We business journalists are often invited to dinners and lunches along with many heads of private sector companies. Without fail, we are asked about the outlook for the economy, as if, in our opaque world, the press has its own special-issue, X-ray glasses.
The answer is normally a variation on a rather depressing theme: that we tend to hear what the government isn’t doing rather than what it is. Simply put, there is no national plan with which to asses the state’s vision, especially as the year to date has been characterized more by politics than economic strategy, which appears to have not been included in the so-called national dialogue.
In fact, anyone would think that the role of the government was just to manage the debt, that or offer us conflicting outlooks for the fiscal and monetary situations. At ministerial level, we have not heard much from Mr. Haddad at Economy and only the tiniest of squeaks from Mr. Gemayel and his bumper sticker campaign at Industry. Where are our plans for agriculture, industry and tourism? Don’t tell us that there are no more jobs to create or no more natural resources or assets to exploit. We just don’t buy it. Stop telling us what we can’t produce and start telling us what we can. So where is the plan?

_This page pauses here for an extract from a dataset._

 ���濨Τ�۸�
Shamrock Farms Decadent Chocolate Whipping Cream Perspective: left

You see without a plan there is no speculation and without speculation there is no investment and without investment there is no growth. Or are we just happy to be a good-time country living off birds, booze and beaches.

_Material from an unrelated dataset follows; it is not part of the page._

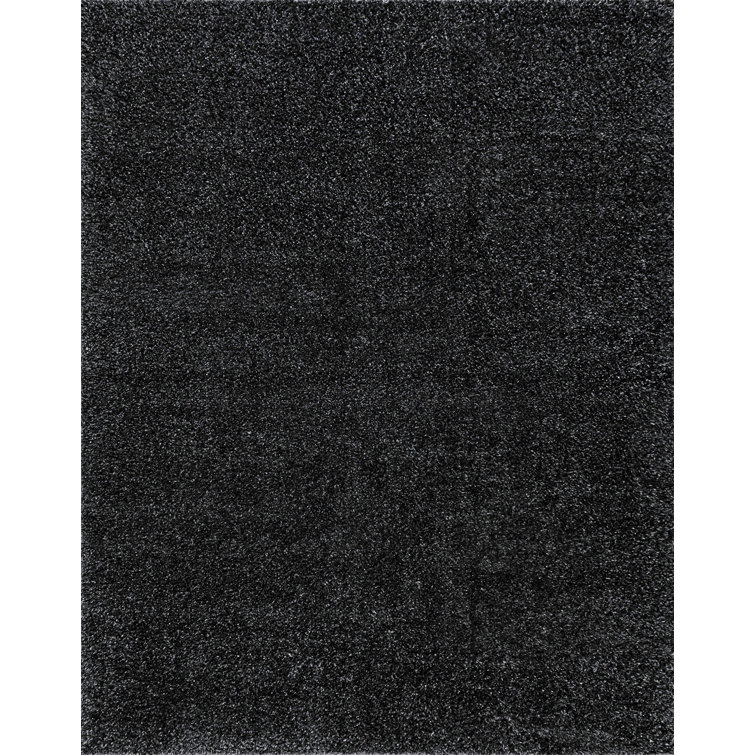 Sisler Performance Indoor Rug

In this month’s special section, we look at the recent interest in Lebanese real estate. We can identify pockets of initiative to encourage speculation, flowering in what is still largely a wasteland. If we are so clever, why have we not taken a leaf out of the books of recent regional success stories and use property development as a vehicle for investment? The government should grasp the nettle and initiate this culture or at the very least invite those who can, to come and do so.
But sadly till now we have heard nothing. So this is why the last time I was asked about the economic outlook I turned to the gentleman and said. “You are on your own but you have succeeded nonetheless. For the time being stay that way, for it seems we can only rely on ourselves.”